# [SOLVED] Slow rates with SCP

## fabien29200

Hello !

I have came back to Gentoo since a few weeks and I am very pleased with it.

I am now planning to duplicate the installation on the other PCs of the house.

But I am experiencing a weird issue.

When I am trying to transfer a file to the other PC (Ubuntu 11.10) with scp the rate is slow.

I can't get over 750 kB/s. When I start an Ubuntu live CD on my PC, I can transfer up to 30 MB/s to the same PC.

On the other side (Ubuntu -> Gentoo) the rate is even worse : 500 kB/s.

When I am at 750 kB/s (Gentoo -> Ubuntu), the CPU consumption of SSH is 1 or 2% on both PCs.

I tried disabling the firewall but no change.

I have no clue for now, and you ?

I saw other SSH rates problems on the forum, but it is normally corrected in openssh 6.0_p1-r1 which is the version I have. So I assume this is a new problem.

Thanks for help !Last edited by fabien29200 on Sun Jun 17, 2012 11:18 am; edited 1 time in total

----------

## Etal

There have been issues with the latest openssh: bug 414401

You could try either building with the "hpn" flag turned off, or downgrade to 5.9.

----------

## Jaglover

SCP problems aside, there are better ways to share files on LAN. I'd use NFS. Also, you can use FEATURES="buildpkg" to build binaries in your master and FEATURES="getbinpkg" in your clients.

----------

## fabien29200

@Etal : set -hpn to package.use, reemerge and rates back to 34 MB/s.  Thanks for the trick.

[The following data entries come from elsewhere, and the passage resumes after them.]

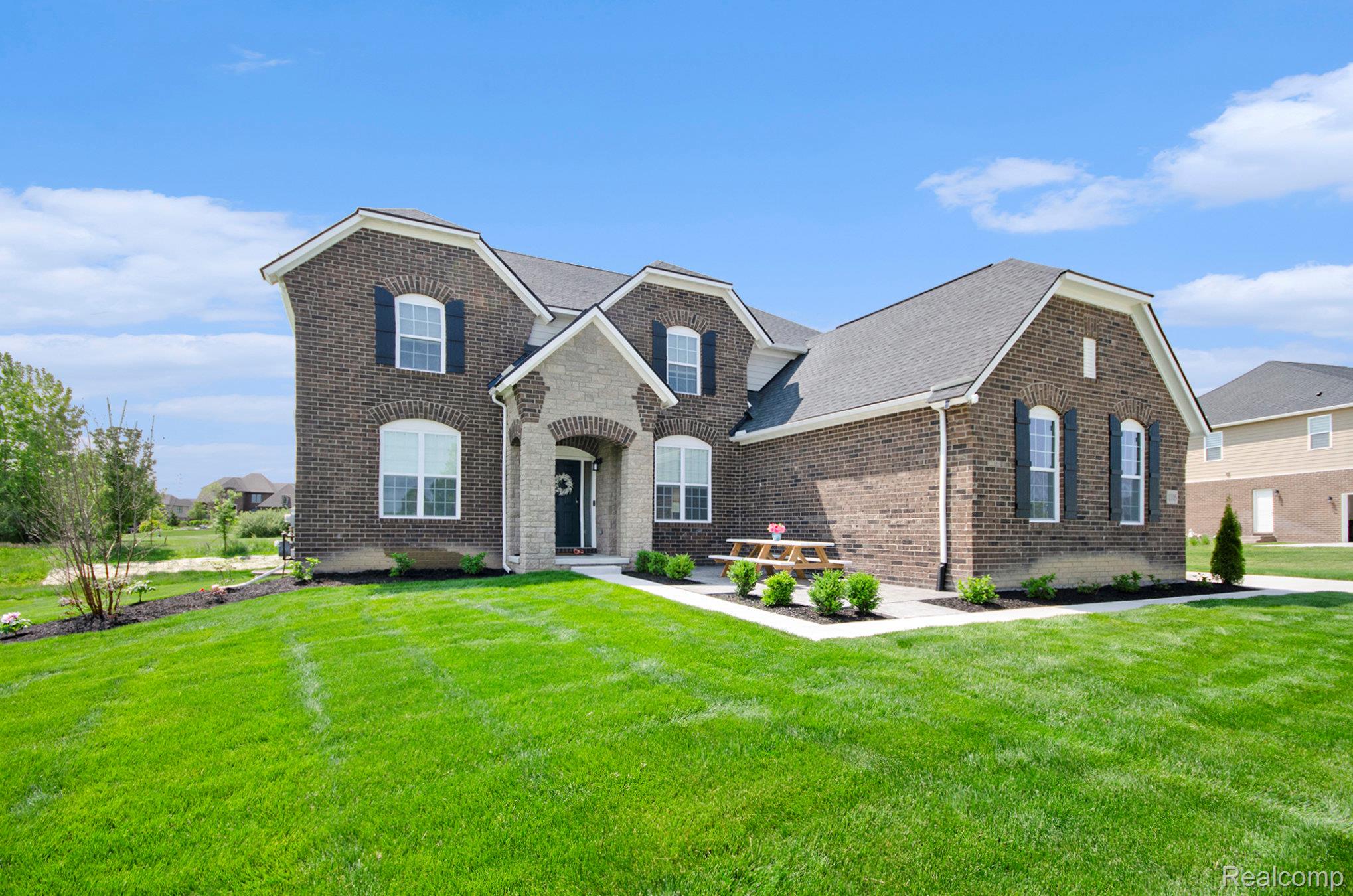 1105 Lindenhill Lane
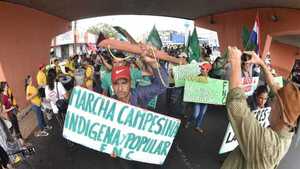 FNC dice que campesinos fueron olvidados en informe de Peña: "Estamos peor en el campo"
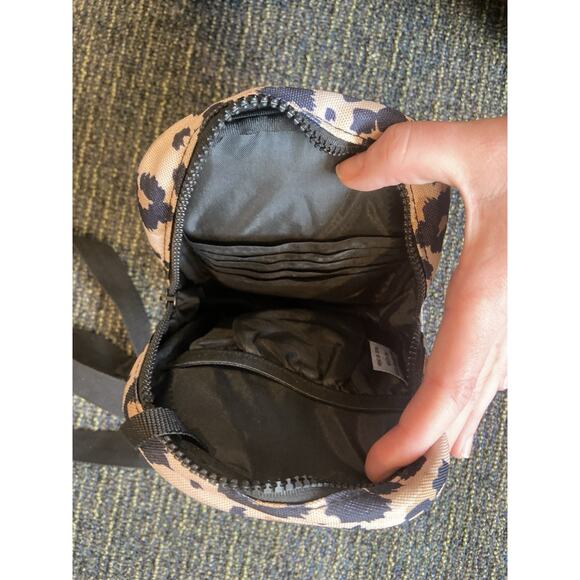 Vibe Festival Gear Crossbody Sling Bag for Women 4in1 from Recycled leopard - Picture 2 of 9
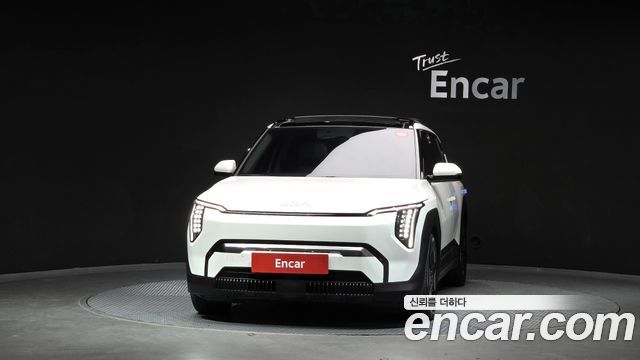 Kia EV3 Long Range 2WD Earth — пробег 34 804 км — фото 3 из 5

Weird that the high performance flag divides rates by 40 ...

@Jaglover : exactly what I have planned  :Wink: 

This is totally off the initial subject, but do you know a way to handle configuration files in a Gentoo network ? 

That etc-update in network machines simply do what has been done on the master ?

----------

## Jaglover

Not sure how to answer this question. You can use quickpkg --include-config=y foo (where foo can be a set) to build packages with config files from master. Most of the time it's probably best to build binary packages with default conf and run dispatch-conf after installing them on clients, can be conveniently done over SSH from your favorite chair.

----------